The Pharmaceuticals and Medical Devices Agency Act was enacted in 2014 and contains new definitions for regenerative medicine products that are cellular and tissue-based.

In addition, a conditional time-limited authorization opens up a new approval process option for cellular and tissue-based products. (See BioWorld Asia, June 17, 2014.)

“These rules were originally negotiated during the Market Oriented Sector Selective (MOSS) talks [between the U.S. and Japan] in 1985-86,” said Kyle Murphy, the managing director and founder of KMG Japan. Murphy has lived and worked in the Japanese health care market for more than 25 years.

The topics of those talks were trade friction in four product areas: forestry products, telecommunications equipment and services, electronics, and pharmaceuticals and medical equipment.

“The Japanese have simply amended the former rules to include the new rules promulgated in November concerning autologous stem cells and such. It will make it easier to market the various components of a ‘kit’ individually,” Murphy said.

Also significant is that the new notification is addressed to the commissioner of the health bureau, all prefectures in the country and Japanese administrative divisions that enforce the Pharmaceutical Affairs Act, according to Shigeo Shimizu, author of Japanese-Style Management.
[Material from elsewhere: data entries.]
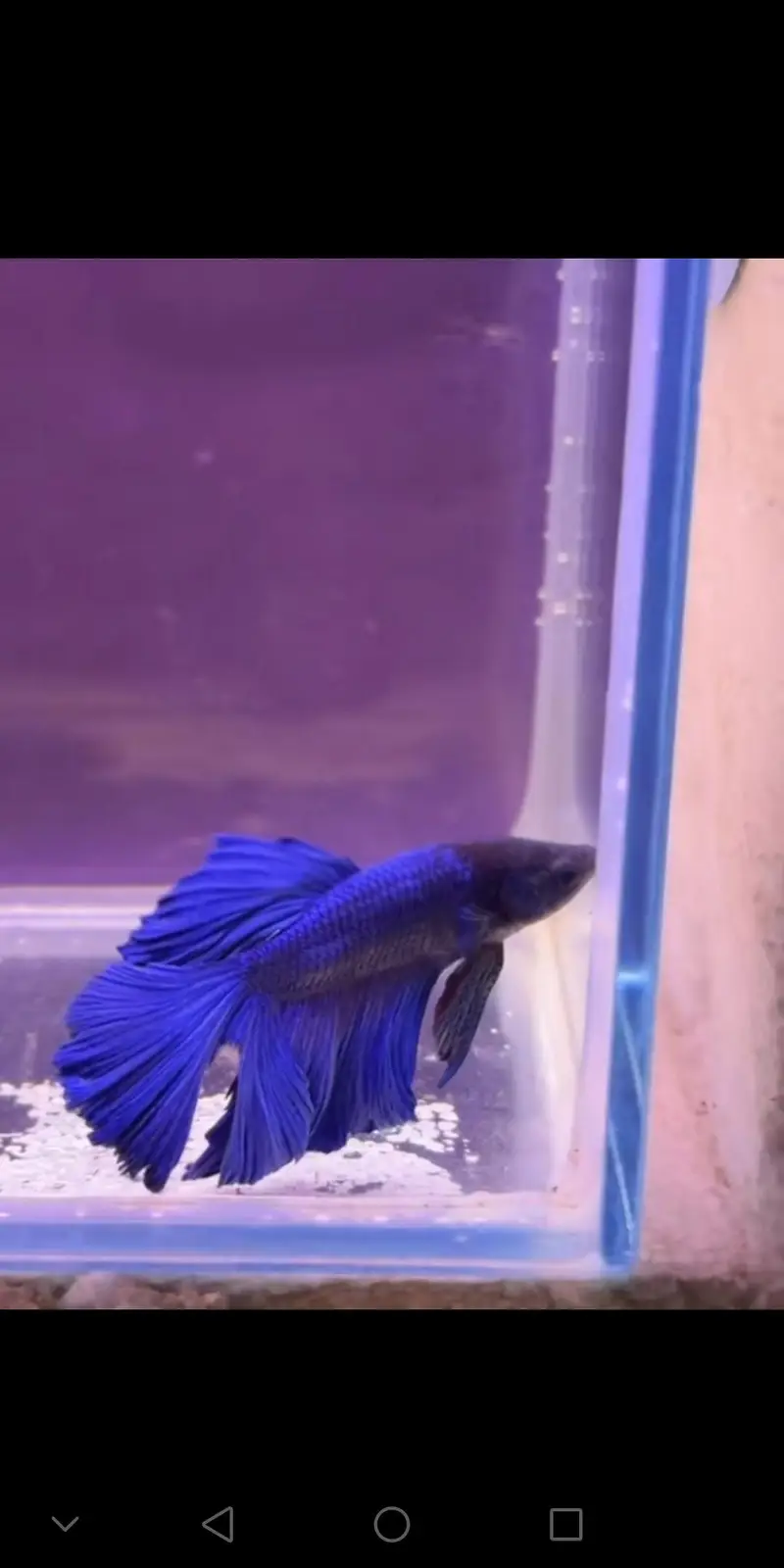 Betta fish healthy and active 03268301979 — photo 2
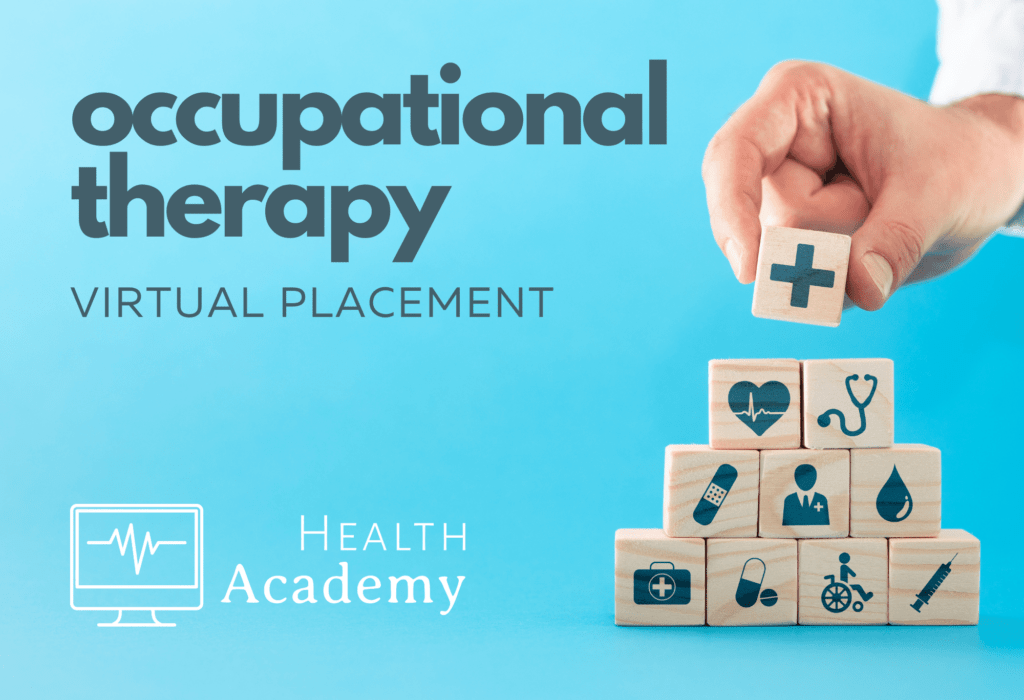 Occupational Health Virtual Placement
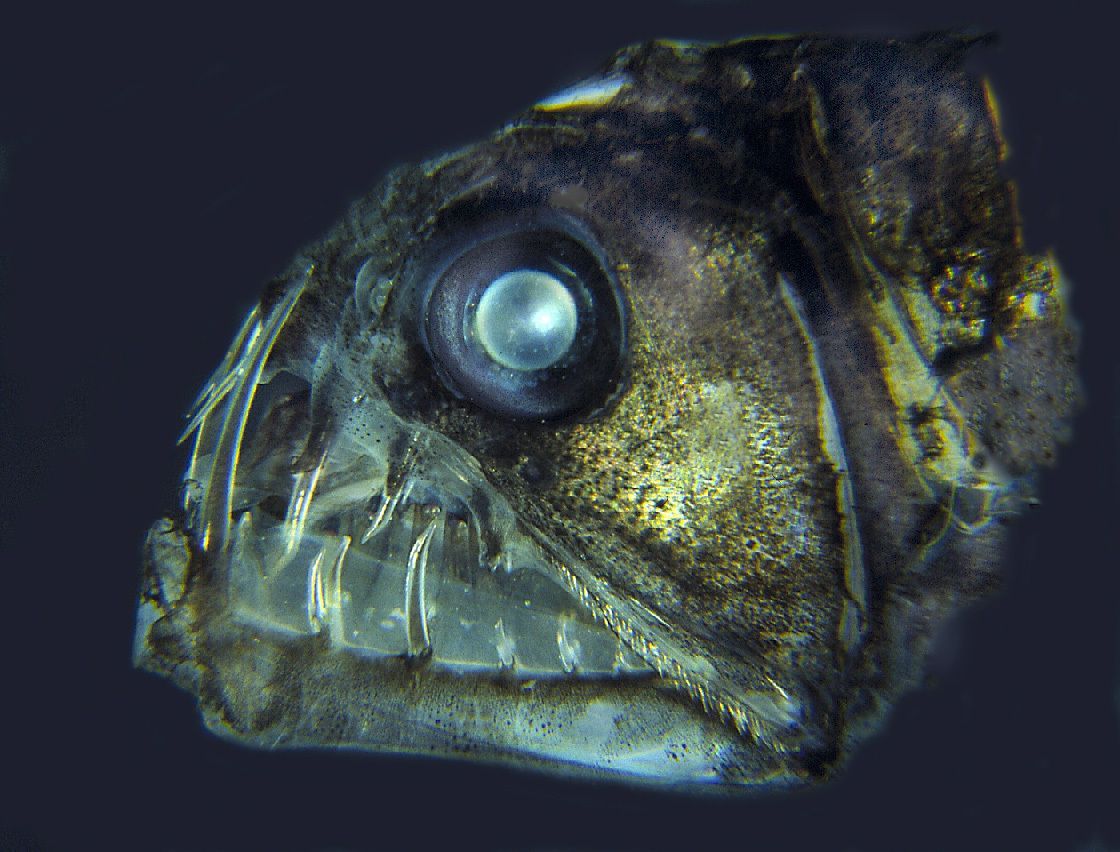 Viperfische leben normalerweise bis in 1.800 Meter, einige wurden aber schon in 4.500 Metern gesichtet. Sie jagen ebenfalls mit Biolumineszenz, also Licht aus Leuchtorganen, das ihre Beute anlockt. Bei ihnen sitzen diese unter anderem auf den Flossen. Ihren Unterkiefer können sie aushängen, um ihre Beute zu verzehren. Mit den großen Augen können sie auch bei wenig Licht Beutetiere orten.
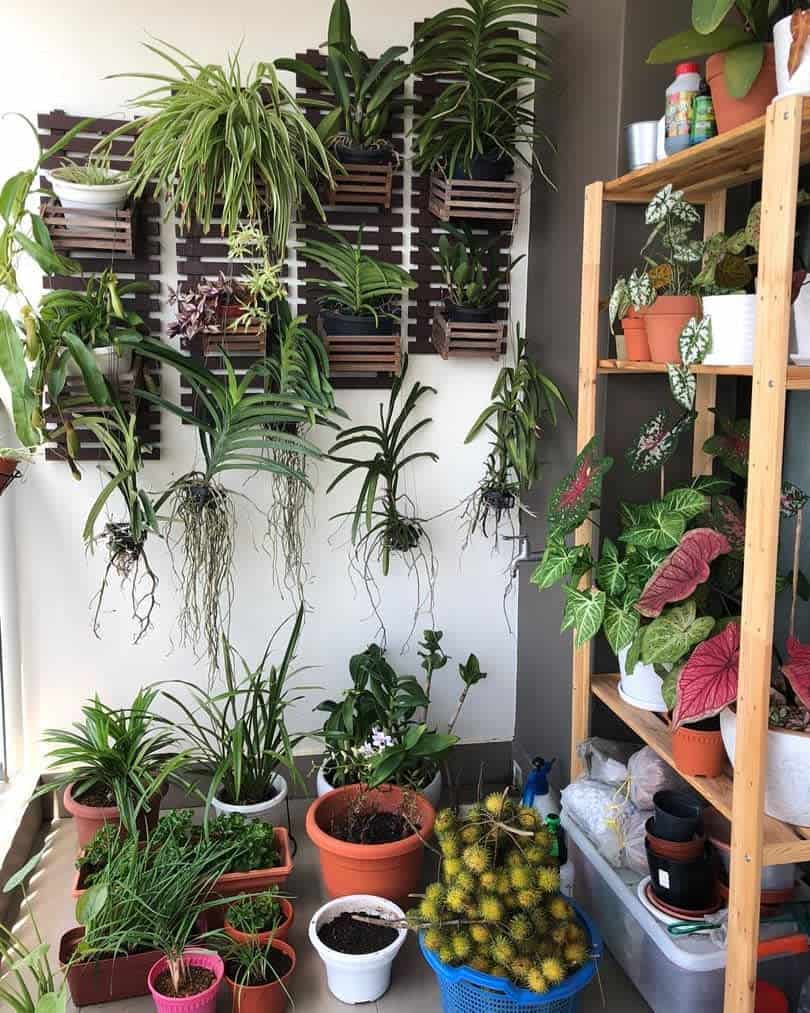 Indoor garden with hanging plants on a wall grid and potted plants on shelves, including cacti and leafy greens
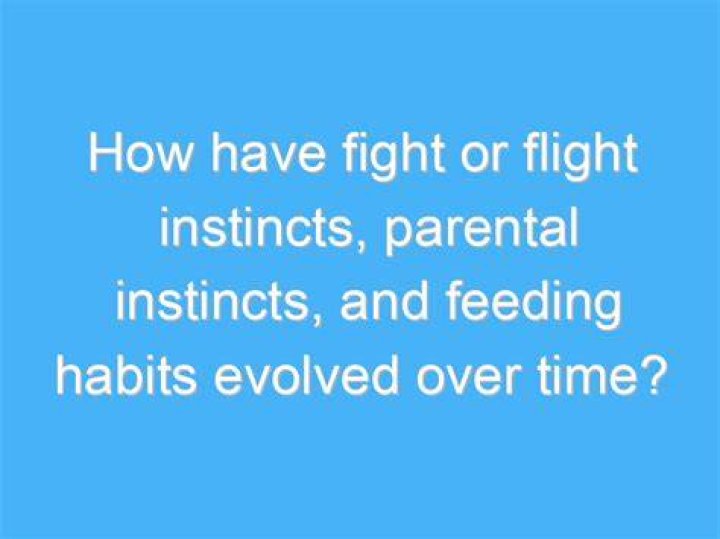 The Evolved Fight: How Competition Changes Over Time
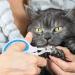 Tinkber 2-Pack Cat Nail Clippers - Stainless Steel Round Pet Nail Shears for Cats Puppies & Small Dogs - Blue & Orange - Buy Online on SooperMarket.com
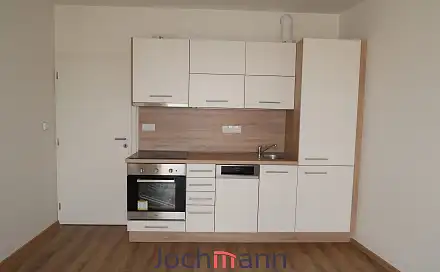 Pronájem bytu 1+kk 45 m², Na Sadech, České Budějovice - České Budějovice 3
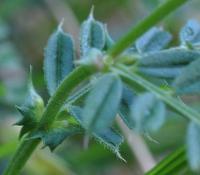 Vicia pyrenaica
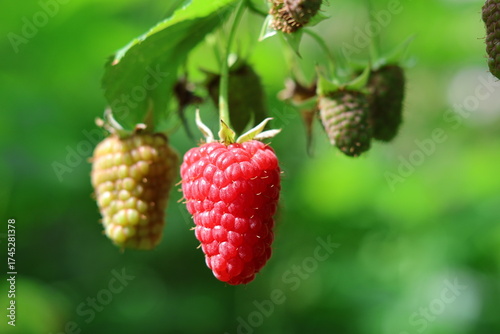 ripe raspberry on a bush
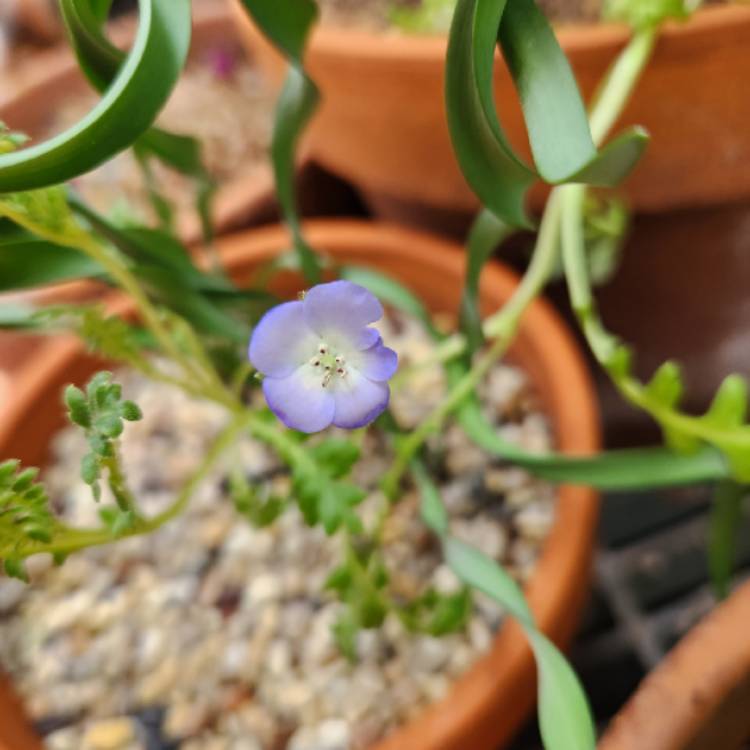 Plant image Nemophila menziesii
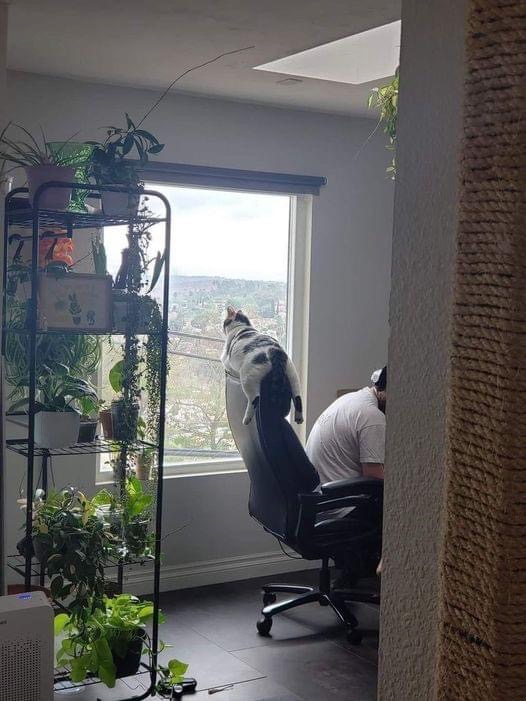 Photo of cat lying on the back of a chair, looking out a window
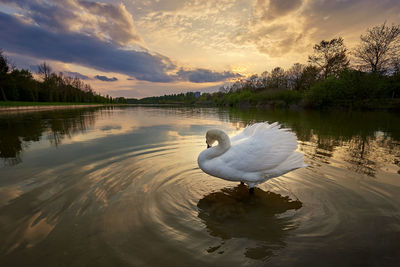 Swan swimming in lake during sunset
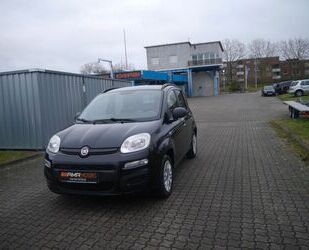 Fiat Panda Gebrauchtwagen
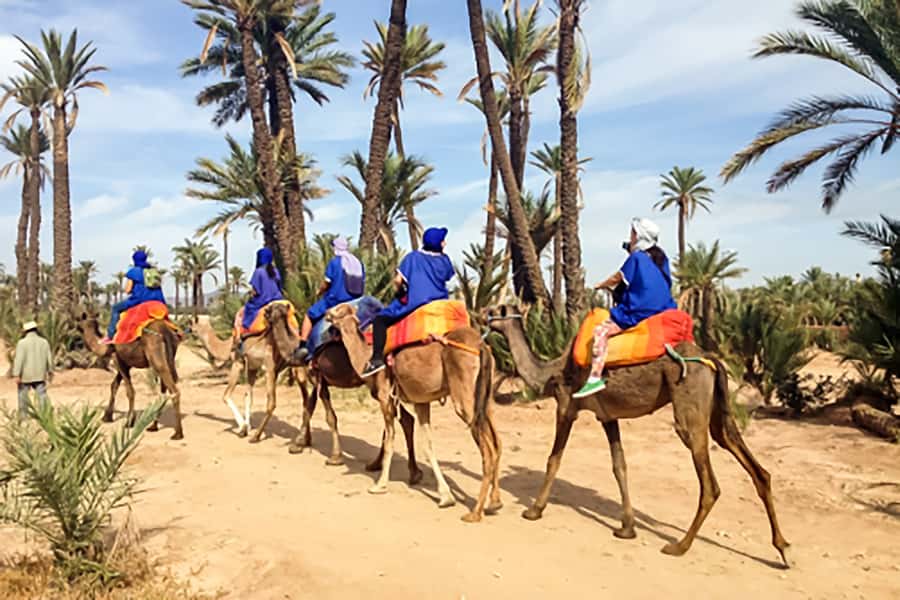 Marrakech: Camel Ride in the Oasis Palmeraie - Who Should Book This Camel Ride (And Who Might Skip It)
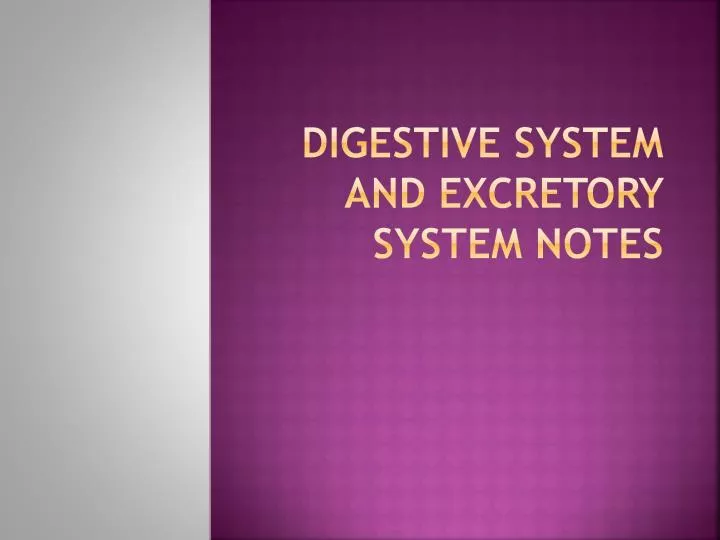 digestive system and excretory system notes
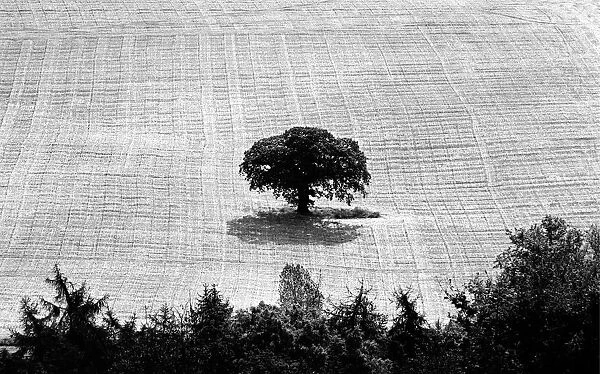 Solitary oak tree in harvested corn field in Malvern Hills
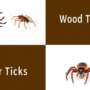 Identifying Deer Ticks vs. Wood Ticks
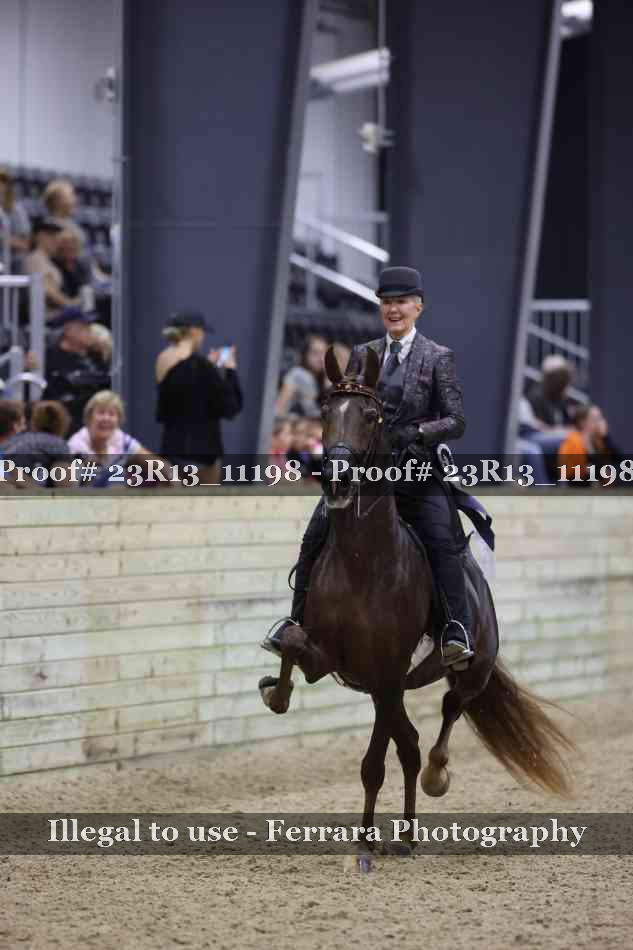 Proof Number 23R13_11198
Those divisions are also responsible for the various steps involved in getting a product to the market, from licensing to certification and marketing. They are also responsible for spot-checks of factories and labs. That makes it important that they all interpret rules in the same way, something that has not always happened in the past.

The new notification clearly outlines the process of handling marketing applications for combined products after the establishment of a new approval system for cellular and tissue-based products by the amended Pharmaceutical Affairs Act. So the interpretation of the regulations among local authorities should be the same, Shimizu said.

“This notification is helpful for foreign companies, as well as their marketing affiliates and manufacturers in Japan,” he said. “This notification shows that now the Japanese health care product market is absolutely open, and the Japanese authorities are helping foreign companies understand the regulations by translating them, ensuring transparency.”

The ongoing transparency push is likely to continue in the wake of a snap election on Sunday.

Japan’s ruling Liberal Democratic Party (LDP) and its junior coalition partner Komeito won a big victory in the lower house elections on Sunday. Their victory hands Prime Minister Shinzo Abe another four years in power. The top supporters and big names behind Abe’s health care reform policies swept into power as well.

One of the winners, Takeshi Noda, a tax policy expert and the head of the LDP’s social security panel, told some 200 supporters at his campaign headquarters that he promised to work to address the challenge of Japan’s aging population.

Another winner, Ichiro Kamoshita, deputy chair of the party’s social security panel, who won his eighth term, said: “I will strive to help Abenomics come to fruition and tackle social security issues, particularly in the areas of health care, pension, nursing care and child rearing.”

Health Minister Yauhisa Shiozaki, who won his seventh term in his constituency in Ehime Prefecture, western Japan, said he intends to push for various policies during the drafting process of next year’s budgets and health plans.

Additionally, the election showed some insights into what Japan voters think about the country’s policies. Polls by the media showed that most voters listed health care, social security and child care as being their highest policy priorities.

Japan is the third-largest economy in the world, according to the World Bank, and remains the second-largest pharma and medical device market in the world, behind the U.S.